- Interactive map of Kallang Park
- Location: Kallang, Singapore
- Opened: 18 October 1959; 66 years ago
- Closed: 1970; 56 years ago
- Status: Demolished

= Kallang Park =

Park in Kallang, Singapore

Kallang Park (劳动公园, Taman Kallang) was a large public park located in Kallang, Singapore. It existed from 1959 to early 1970s on the site currently occupied by the Singapore Sports Hub.

==Etymology==
Kallang Park was so named because it was built on the site of the former Kallang Airport runway, on the eastern bank of the Kallang Basin. The area is now part of the Kallang planning area.

Its Chinese name "劳动公园", however, translates to "labour park". Its Malay name "Taman Kallang" is a translation based on the English version.

==History==
Plans to convert the lands of the former Kallang Airport into public spaces were first announced by then-Minister for National Development Ong Eng Guan as "Project Long" in 1950s. It was constructed with the involvement of both the government and volunteers. The park was officially opened on 18 October 1959 by Parliamentary Secretary to the Ministry of Labour and Law Wee Toon Boon.

In July 1969, the Wonderland Amusement Park was integrated into the Kallang Park, costing an estimated amount of S$3 million in construction. In 1970, Singapore's largest cinema at that time, the Kallang Cinema (now the Kallang Theatre), was built in the Kallang Park.

By 1973, the former National Stadium was erected at the site of the Kallang Park.

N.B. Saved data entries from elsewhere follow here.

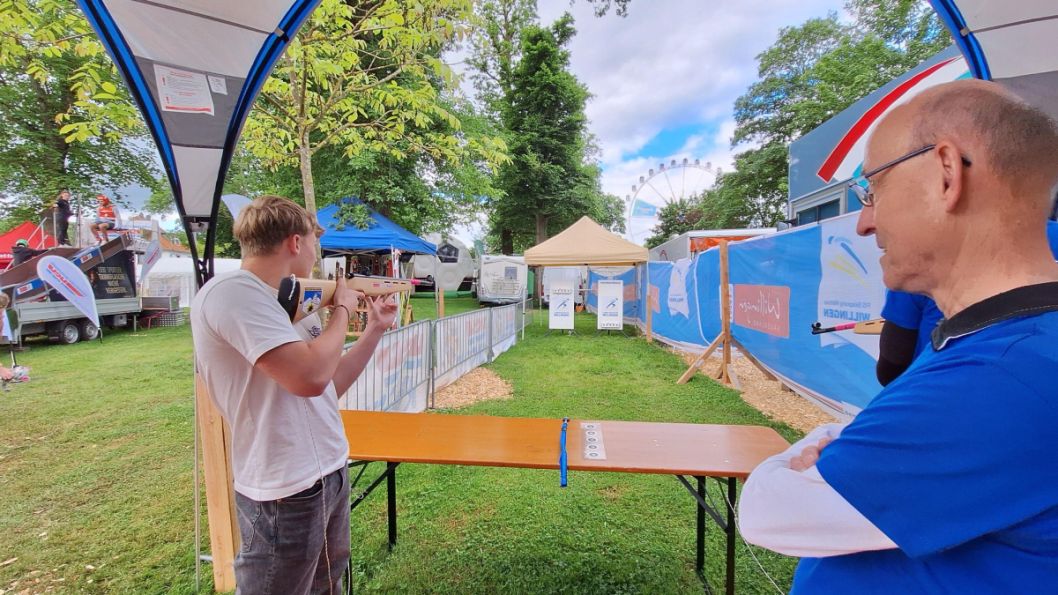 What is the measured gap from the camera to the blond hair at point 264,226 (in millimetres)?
1531

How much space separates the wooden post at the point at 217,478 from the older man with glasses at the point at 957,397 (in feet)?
8.94

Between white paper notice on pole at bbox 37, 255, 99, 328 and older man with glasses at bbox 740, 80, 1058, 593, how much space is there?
10412 mm

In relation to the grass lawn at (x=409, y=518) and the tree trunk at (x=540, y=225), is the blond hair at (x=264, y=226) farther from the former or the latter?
the tree trunk at (x=540, y=225)

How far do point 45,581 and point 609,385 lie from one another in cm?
643

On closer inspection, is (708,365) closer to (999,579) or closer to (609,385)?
(609,385)

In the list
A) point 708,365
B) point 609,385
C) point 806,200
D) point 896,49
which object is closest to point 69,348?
point 609,385

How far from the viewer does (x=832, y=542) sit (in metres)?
0.79

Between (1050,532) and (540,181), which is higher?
(540,181)

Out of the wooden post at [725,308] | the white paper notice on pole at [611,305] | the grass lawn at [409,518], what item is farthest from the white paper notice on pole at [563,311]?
the grass lawn at [409,518]

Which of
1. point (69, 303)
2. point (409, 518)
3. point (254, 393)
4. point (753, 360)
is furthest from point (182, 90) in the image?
point (69, 303)

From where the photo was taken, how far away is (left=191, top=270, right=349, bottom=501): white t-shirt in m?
1.36

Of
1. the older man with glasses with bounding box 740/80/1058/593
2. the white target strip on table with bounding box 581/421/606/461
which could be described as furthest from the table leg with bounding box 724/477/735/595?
the older man with glasses with bounding box 740/80/1058/593

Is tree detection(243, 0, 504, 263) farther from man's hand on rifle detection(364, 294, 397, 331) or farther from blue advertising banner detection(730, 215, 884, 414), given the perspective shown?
blue advertising banner detection(730, 215, 884, 414)

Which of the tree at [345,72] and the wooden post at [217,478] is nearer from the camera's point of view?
the wooden post at [217,478] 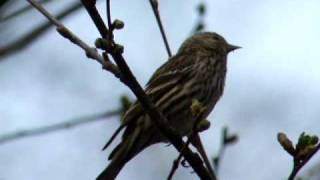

Today, the same site has been redeveloped into the Singapore Sports Hub, consisting of the new National Stadium, Singapore Indoor Stadium and numerous other sports facilities. The name "Kallang Park" is now preserved in the row of godowns along Jalan Benaan Kapal.

==Facility==
Kallang Park had entertainment facilities for both adults and children, including kart racing, agriculture shows, roller coaster, ferris wheel, nightclub, bowling centre and ice skating rink, among others. Its most notable feature, however, was perhaps a fountain gifted by the Singapore Chinese Chamber of Commerce and Industry, noted for its futuristic design.